Training LLMs Faster with 4 Bits
Training massive language models is an incredibly intensive process, demanding huge amounts of computational power and memory. A new numerical format called MXFP4, a 4-bit floating-point representation, is making this process much more efficient. It directly tackles the hardware bottlenecks that slow down model development.
What is MXFP4?
Computers store numbers in specific formats. For AI, a common format is the 32-bit floating-point number (FP32), which offers a solid balance of range and precision. A floating-point number is basically a computer’s version of scientific notation. It consists of three parts: a sign bit, an exponent, and a mantissa (also called the significand).
The general formula looks like this:
$$ Value = (-1)^{sign} \times 2^{exponent} \times (1.mantissa) $$
To see why 4-bit formats are tricky, let’s sketch a toy example of a standard 4-bit float (FP4) with the following layout:
- 1 bit for the sign
- 2 bits for the exponent (with bias)
- 1 bit for the mantissa
Suppose we want to represent –1.5:
- Sign: Negative, so the sign bit is
1
. - Exponent: Convert 1.5 to binary → $1.1_2$. The exponent is 0. With a bias of 1, the stored exponent is
01
. - Mantissa: The fraction part ($.1_2$) gives a mantissa bit of
1
.
So the 4-bit pattern is 1 01 1
.
This toy FP4 is extremely limited. The range is tiny, and precision drops quickly.
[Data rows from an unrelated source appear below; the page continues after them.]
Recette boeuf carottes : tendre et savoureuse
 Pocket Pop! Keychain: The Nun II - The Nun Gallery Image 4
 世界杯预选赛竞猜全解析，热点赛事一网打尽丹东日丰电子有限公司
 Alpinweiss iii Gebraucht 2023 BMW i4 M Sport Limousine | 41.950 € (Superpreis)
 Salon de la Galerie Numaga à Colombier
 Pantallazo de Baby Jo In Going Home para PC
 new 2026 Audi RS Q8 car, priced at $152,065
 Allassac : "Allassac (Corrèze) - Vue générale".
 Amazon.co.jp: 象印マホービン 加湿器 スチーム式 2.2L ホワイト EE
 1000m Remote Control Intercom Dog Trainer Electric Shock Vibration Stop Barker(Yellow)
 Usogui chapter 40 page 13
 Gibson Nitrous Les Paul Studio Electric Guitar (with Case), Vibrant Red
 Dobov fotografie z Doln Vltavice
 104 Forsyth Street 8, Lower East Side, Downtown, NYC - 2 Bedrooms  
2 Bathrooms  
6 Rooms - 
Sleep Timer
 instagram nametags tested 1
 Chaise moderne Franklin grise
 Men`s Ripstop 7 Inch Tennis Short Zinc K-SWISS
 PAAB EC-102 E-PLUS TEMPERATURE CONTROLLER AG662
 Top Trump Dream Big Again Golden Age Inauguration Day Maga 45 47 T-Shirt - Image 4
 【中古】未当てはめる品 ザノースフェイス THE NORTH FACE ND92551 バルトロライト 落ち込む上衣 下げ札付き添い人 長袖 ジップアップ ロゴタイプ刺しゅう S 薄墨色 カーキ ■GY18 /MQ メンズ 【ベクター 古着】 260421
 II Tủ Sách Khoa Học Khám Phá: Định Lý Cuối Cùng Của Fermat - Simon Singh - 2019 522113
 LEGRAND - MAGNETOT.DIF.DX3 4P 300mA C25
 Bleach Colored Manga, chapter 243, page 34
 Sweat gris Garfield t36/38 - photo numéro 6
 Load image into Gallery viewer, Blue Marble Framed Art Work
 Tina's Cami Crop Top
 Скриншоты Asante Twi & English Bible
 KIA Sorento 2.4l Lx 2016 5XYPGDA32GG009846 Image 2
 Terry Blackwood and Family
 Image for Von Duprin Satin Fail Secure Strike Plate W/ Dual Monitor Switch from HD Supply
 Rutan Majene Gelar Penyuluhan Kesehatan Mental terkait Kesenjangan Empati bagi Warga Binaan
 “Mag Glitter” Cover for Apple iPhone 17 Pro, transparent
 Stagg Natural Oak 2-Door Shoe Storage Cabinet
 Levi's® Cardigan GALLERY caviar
That’s where MXFP4 comes in.
The Microscaling Trick
The “MX” in MXFP4 stands for microscaling. Instead of every number carrying its own exponent, a block of numbers (commonly 32 values) shares a single 8-bit scaling factor.
Inside each block, every value is stored in just 4 bits:
- 1 sign bit
- 3 mantissa bits
The shared 8-bit exponent rescales the entire block so that all values fit within the reduced mantissa range.
For example, consider weights [0.5, –0.2, 0.8, 0.35]. If the shared exponent is chosen as $2^{–1}$:
- 0.5 becomes $1.0 \times 2^{–1}$ → stored as “1.0” in 4 bits
- –0.2 becomes approximately $–0.4 \times 2^{–1}$ → stored as “–0.4” in 4 bits
- and so on, with rounding as needed
This approach gives enough resolution for values of similar magnitude, which is very common inside a neural network layer.
Why 4 Bits Are Powerful
The shift to 4-bit storage brings three big benefits:
1. Memory Efficiency
A model with 200 billion parameters stored in FP16 (16 bits) needs about 400 GB just for weights:
$$ 200 \times 10^9 \times 16 \text{ bits} = 3.2 \times 10^{12} \text{ bits} = 400 \text{ GB} $$
With MXFP4:
$$ 200 \times 10^9 \times 4 \text{ bits} = 8 \times 10^{11} \text{ bits} = 100 \text{ GB} $$
That’s a 75% reduction. It means models that once needed hundreds of GPUs can now fit on far fewer, lowering both cost and barrier to entry.
2. Faster Training
Moving data between memory and compute units is a major bottleneck. Because 4-bit numbers are one-quarter the size of FP16, GPUs can move up to 4× more parameters per memory cycle. In practice, full end-to-end training throughput often improves by 1.5–2×, depending on hardware and model design.
3. Lower Energy Use
Less data movement and shorter compute cycles mean less energy consumed. For massive training runs that last weeks, the savings in power bills and carbon footprint are significant.
MXFP4 shows how much efficiency can come from a smart numerical design. By combining shared scaling with compact 4-bit storage, it manages to keep models stable during training while slashing memory, bandwidth, and power needs. It’s not just about training bigger models—it’s about training them faster, cheaper, and in a way that uses fewer resources.